Beginning with the line that contains "CPB | We bare bear couple set", reproduce the remaining lines of the material exactly, up to and including the last one, but no pictures.

### EXTRACTED DATA

^^^^^^^^^^^^^^^^

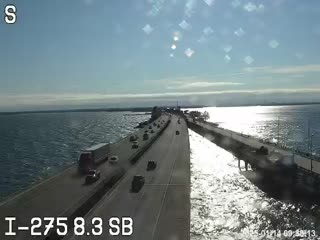 Traffic Cam I-275 S at 8.3 SB Player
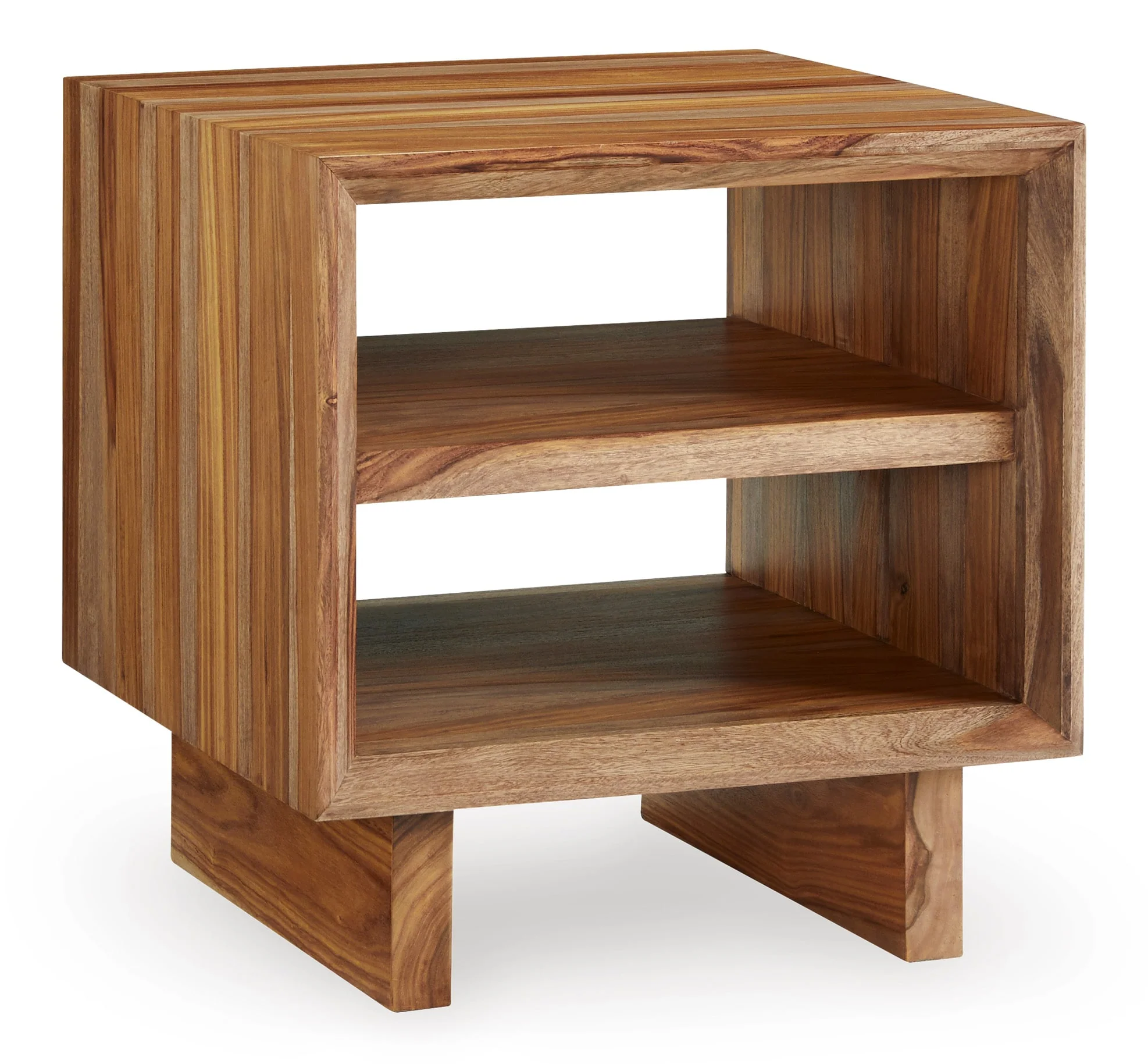 Dressonni Square End Table - Image 2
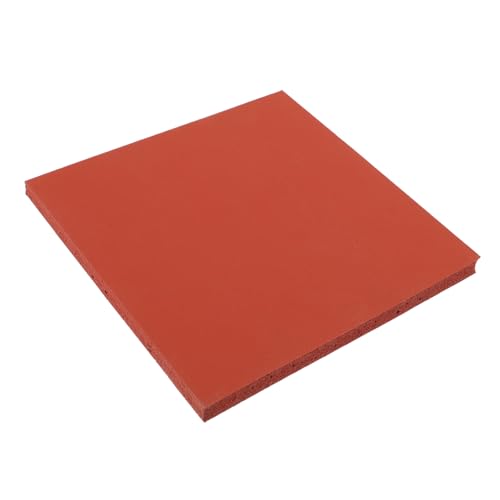 Uonlytech Silikon Heat Press Matte Hitzebeständig Elastisch Antischock Silikonpad für Transfermaschinen Wärmeisolierende Unterlage für Thermotransferdruck von Uonlytech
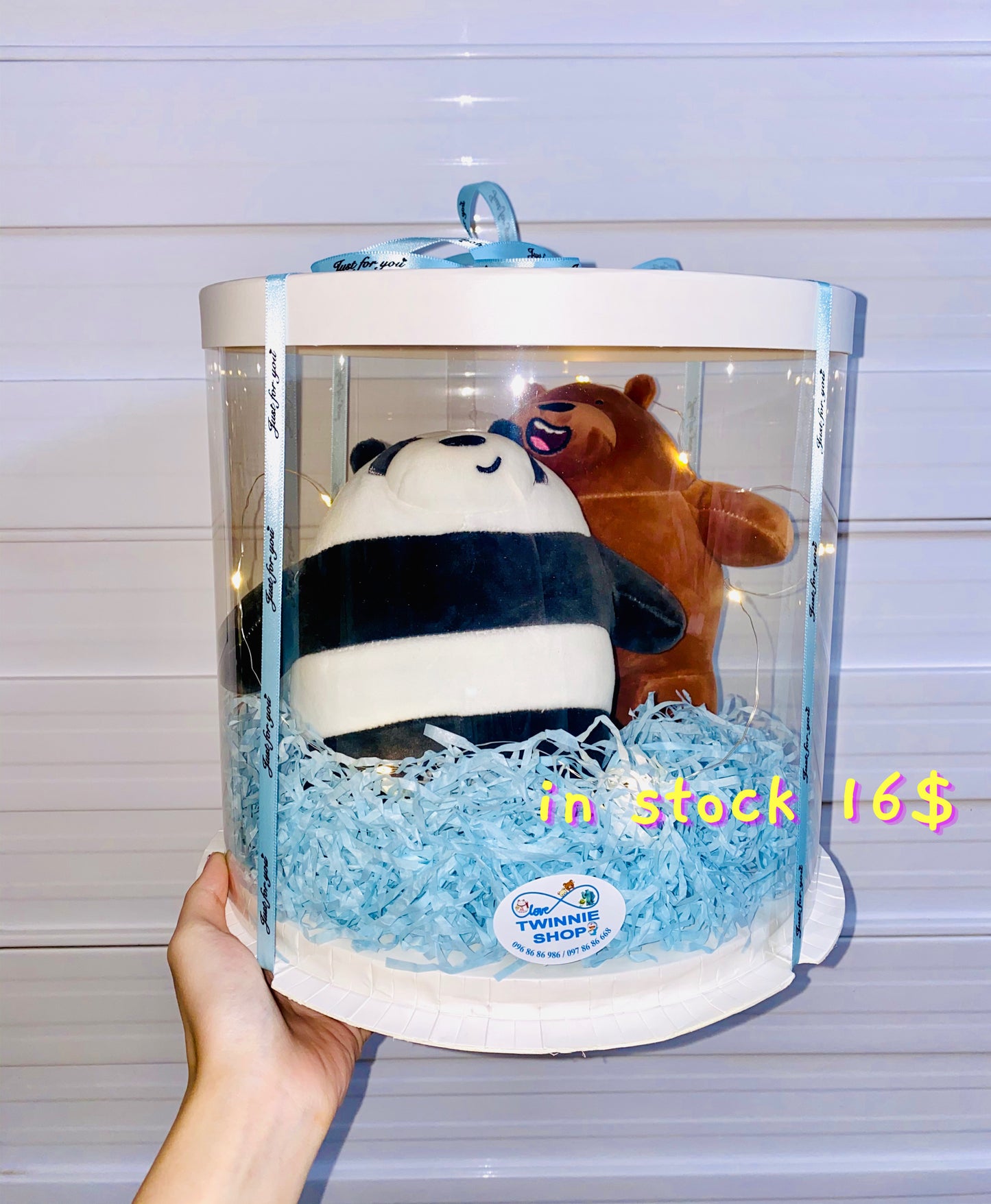 CPB | We bare bear couple set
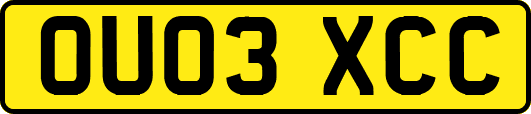 OU03XCC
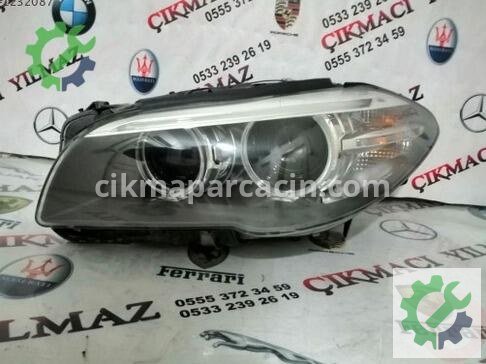 BMW 5 Serisi Sol Ön Far 5SERISI çıkma parça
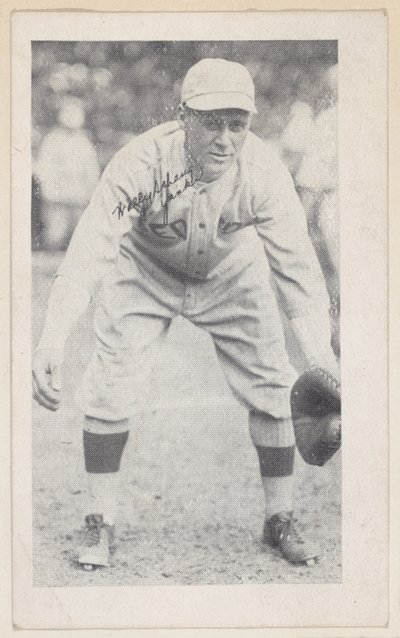Wally Schang ، C. Yanks ، من بطاقات قطاع البيسبول W575-2 ، كاليفورنيا. 1921-1922. بواسطة غير معروف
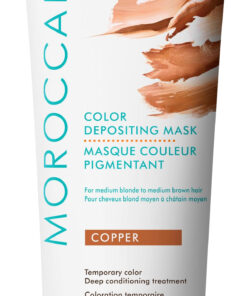 Masca coloranta pentru par Moroccanoil Color Depositing - Copper 200ml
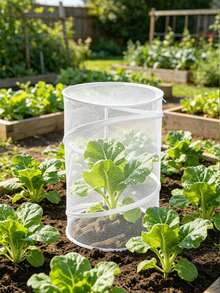 Best-Selling Cross-Border Products: Pop-Up Plant Cover, Insect Net, Vegetable & Flower Protection Cover, Garden Plant Cover - A - View 3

^^^^^^^^^^^^^^^^

### OUTPUT FOR THIS EXERCISE
 CPB | We bare bear couple set
 OU03XCC
 BMW 5 Serisi Sol Ön Far 5SERISI çıkma parça
Wally Schang ، C. Yanks ، من بطاقات قطاع البيسبول W575-2 ، كاليفورنيا. 1921-1922. بواسطة غير معروف
 Masca coloranta pentru par Moroccanoil Color Depositing - Copper 200ml
 Best-Selling Cross-Border Products: Pop-Up Plant Cover, Insect Net, Vegetable & Flower Protection Cover, Garden Plant Cover - A - View 3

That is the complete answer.